═══ DATA SHOWN

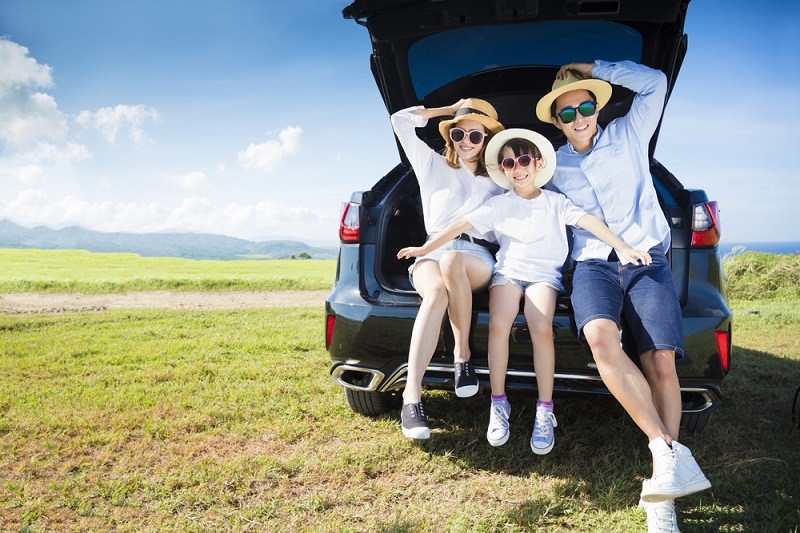 happy family enjoying road trip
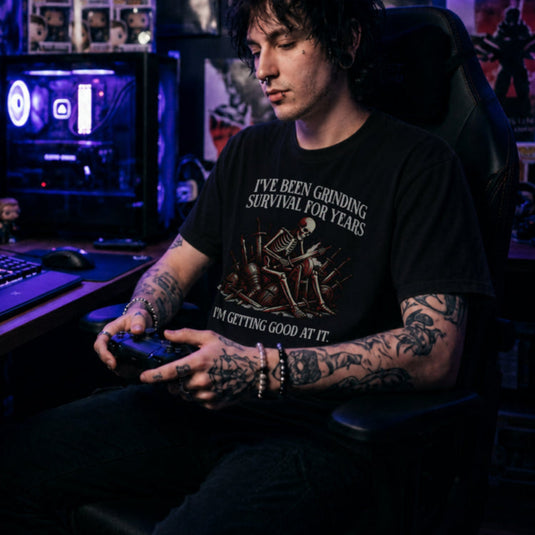 Translation missing: en.Black t-shirt with skeleton warrior sharpening dagger on grindstone graphic and text: Grinding survival for years
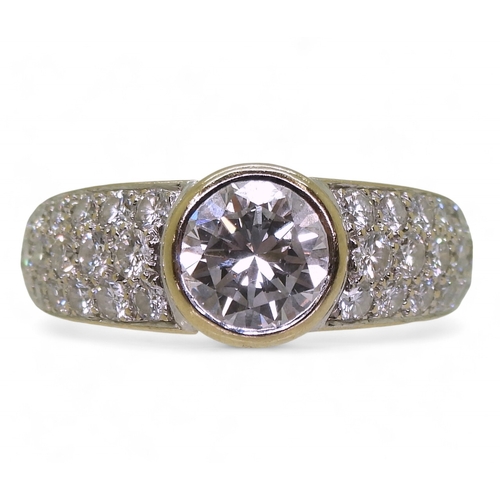 2700 - A CARTIER DIAMOND RINGthe central 1ct diamond is rub over set with pave set diamond shoulders with a... 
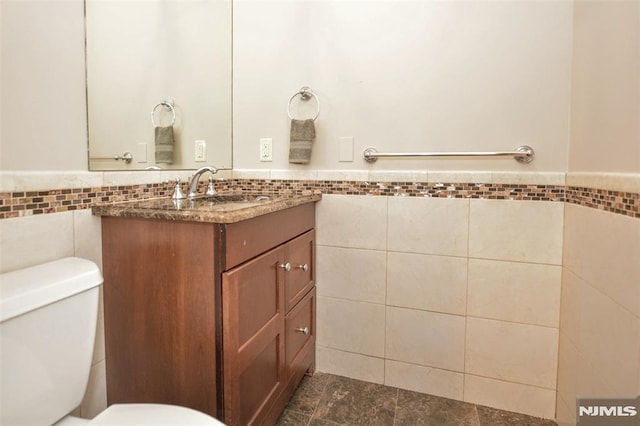 half bathroom with tile walls, wainscoting, toilet, and vanity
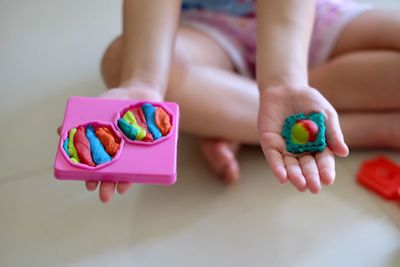 Midsection of woman holding multi colored candies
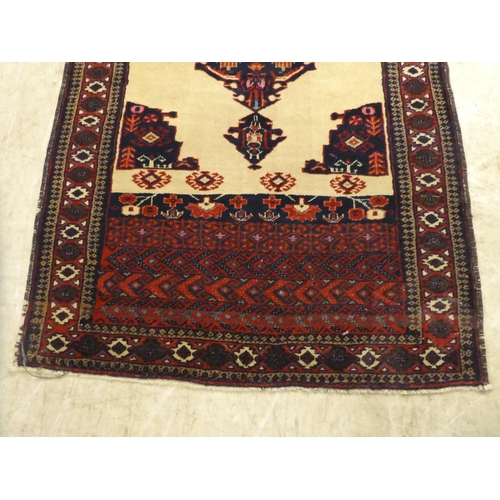 274 - A Persian rug, decorated with a central medallion, on a beige and maroon ground  64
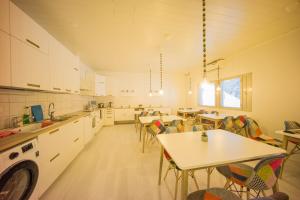 a large kitchen with tables and chairs in it at Capsule Hotel Ibedcity in Rovaniemi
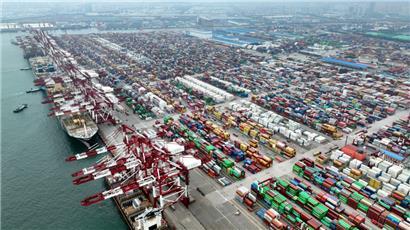 Blick von oben auf ein Containerschiff im Qianwan Container Terminal im Hafen von Qingdao in der ostchinesischen Provinz Shandong. 
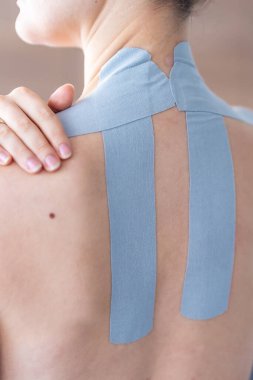 Omuz ve boyuna bantlanmış kineziyoloji bandı ve bantlanmış bölgede dinlenen bir kadın eli. Tedavi edici bant teknikleri ile ağrı kesici ve kendine bakım. Yüksek kalite fotoğraf
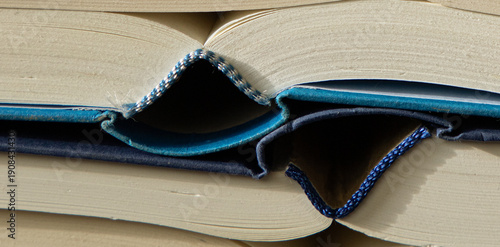 old books are laying on a table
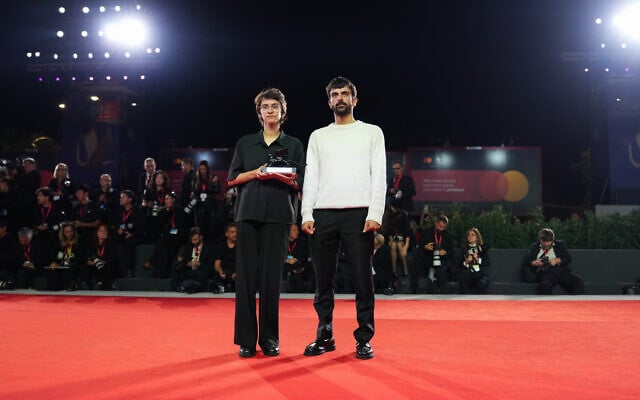 Directors Rachel Szor, left, and Yuval Abraham, winners of the special jury prize for the film ‘NAZA’, pose for photographers at the awards photo call during the closing ceremony of the 83rd edition of the Venice Film Festival in Venice, Italy, on September 12, 2026. (Scott A Garfitt/Invision/AP)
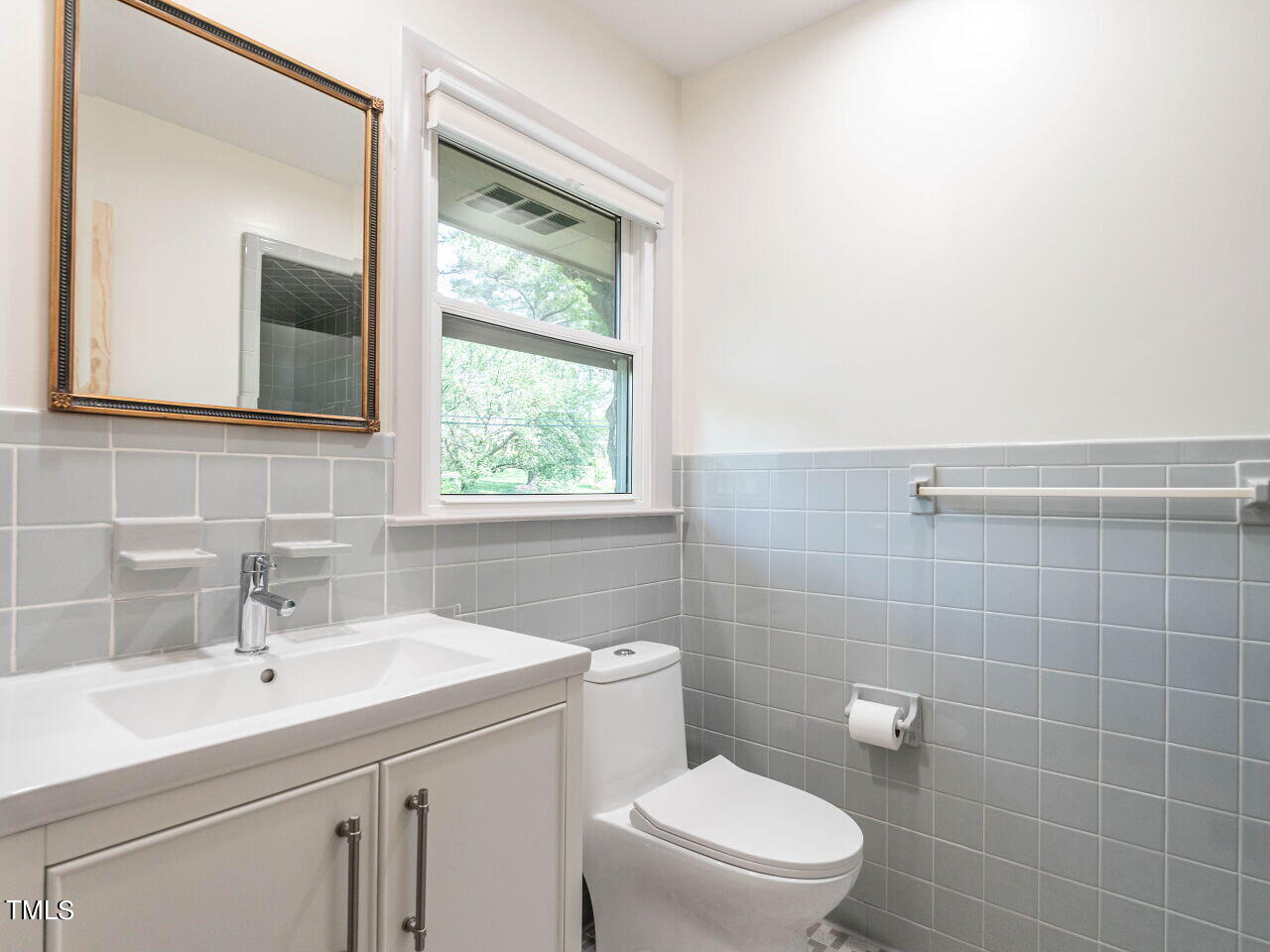 2204 Myron Drive Raleigh, NC 27607 - Photo 19 of 57 Updated bathrooms with new cabinets, low flow fixtures and dual flush toilets.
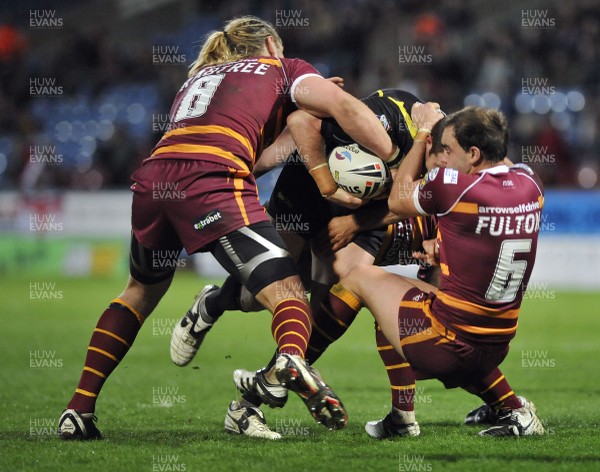 10.04.09.. Huddersfield Giants v Celtic Crusaders, engage Super League -  Crusaders Aled James is tackled by Eorl Crabtree, left and Liam Fulton 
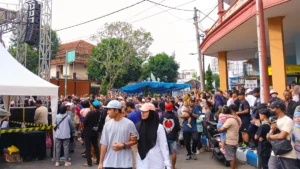 Indonesia health, credit lines remain pressure points as AM Best keeps non-life outlook stable Crowd gathers at an outdoor event in Indonesia, with a stage canopy, speakers and motorcycles lining the street.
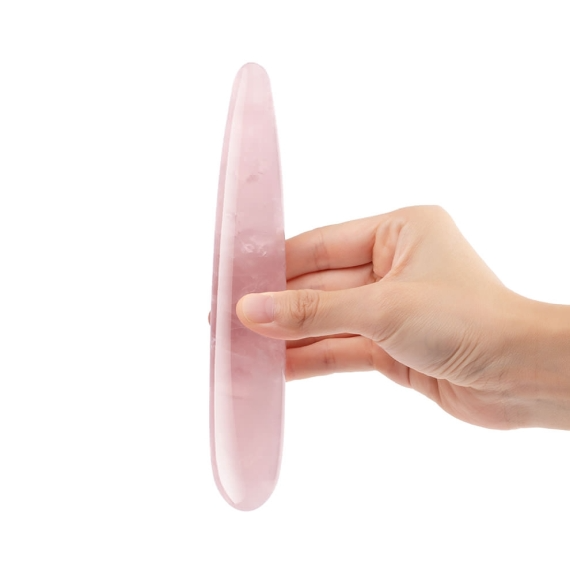 A hand holds a pink rose quartz crystal wand.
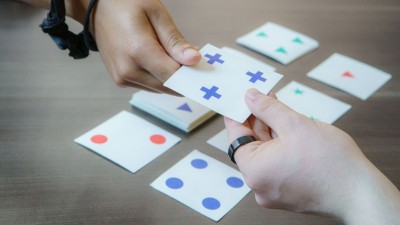 a photo of two people working on a perception activity using cards with symbols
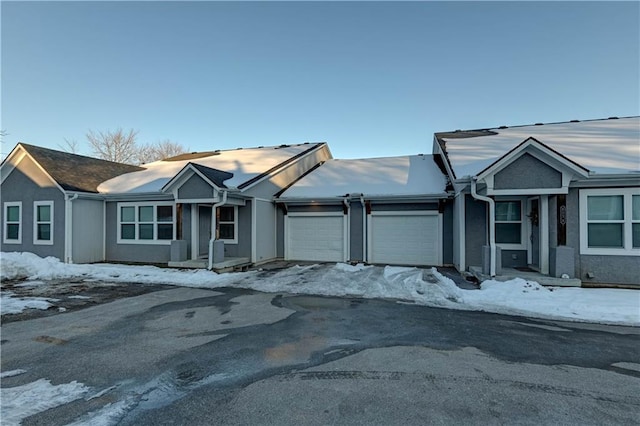 single story home with a garage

══════

TASK TO COMPLETE.
Given the listing above, repeat exactly the lines starting at the one with "a large kitchen" and ending at the one with "Blick von oben", inclusive, excluding pictures.

EXERCISE OUTPUT.
 a large kitchen with tables and chairs in it at Capsule Hotel Ibedcity in Rovaniemi
 Blick von oben auf ein Containerschiff im Qianwan Container Terminal im Hafen von Qingdao in der ostchinesischen Provinz Shandong. 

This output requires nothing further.